Purpose: The goal of this study was to determine whether short-duration (15 s-3 min) high-temperature (50 degrees C) heat shocks inhibit the repair of DNA damage.
Materials and methods: Cultured HeLa cells were used. DNA damage was measured after UV exposure or X-irradiation. Three methods were used to measure DNA damage: alkaline comet assay with the endonuclease, UVDE, for single strand breaks and UV photoproducts, antibodies specific for cyclo-pyrimidine dimers (CPD) or for 6-4 photoproducts (64PP), and the appearance-resolution of gamma-H2AX foci for DNA double strand breaks.

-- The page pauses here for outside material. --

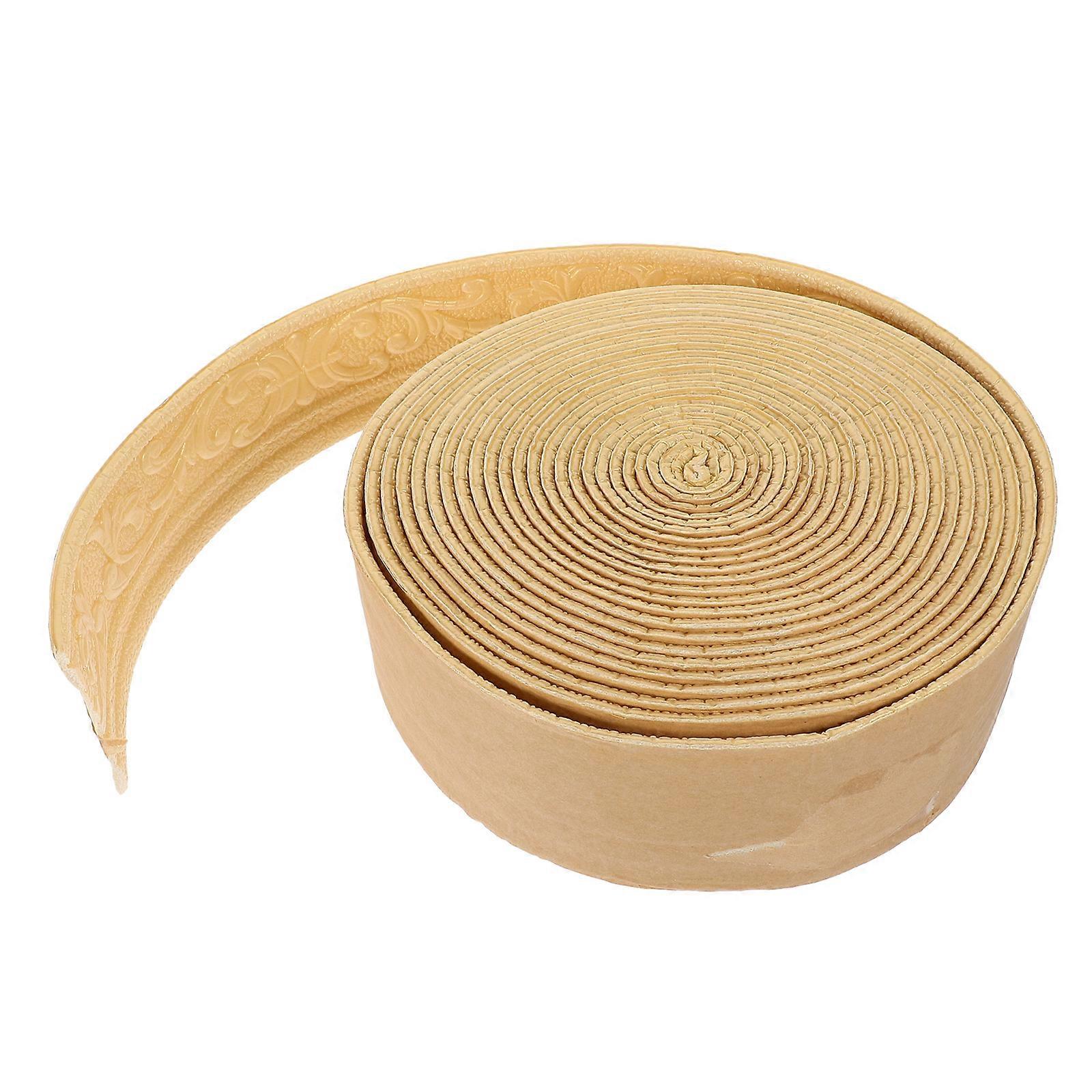 Self-Adhesive Edging Strip Molding Trim Elegant 3D Design Splashproof Moisture-Resistant Wall Baseboard Golden 10 Meters In Length 1 Roll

Results: Heat shocks of 15-30 s at 50 degrees C inhibited repair of DNA damage after UV exposure or X-irradiation detected by the alkaline comet assay (after UV) or by persistence of gamma-H2AX foci (after X-rays). The phosphorylation of histone, H2AX, induced by 1 or 4 Gy of X-rays was inhibited in a time-dependent manner after 15-45 s at 52 degrees C. When the excision of UV-induced PP was measured, heat shocks of more than 60 s at 50 degrees C were required to show measurable inhibition.
Conclusion: Severe (50 degrees C) short-duration (15 s or greater) heat shocks inhibit repair of UV-induced DNA damage. The ability to detect the inhibitory effects of very short, 15-60 s, heat shocks was assay dependent. The comet assay could detect repair inhibition after a 15-s heat shock. Detection of DNA damage by specific antibodies could only detect repair inhibition after 1-3-min heat shocks. Using the gamma-H2AX foci method 30 s at 50 degrees C induced a significant delay in the repair of DNA damage after 1 Gy of X-rays.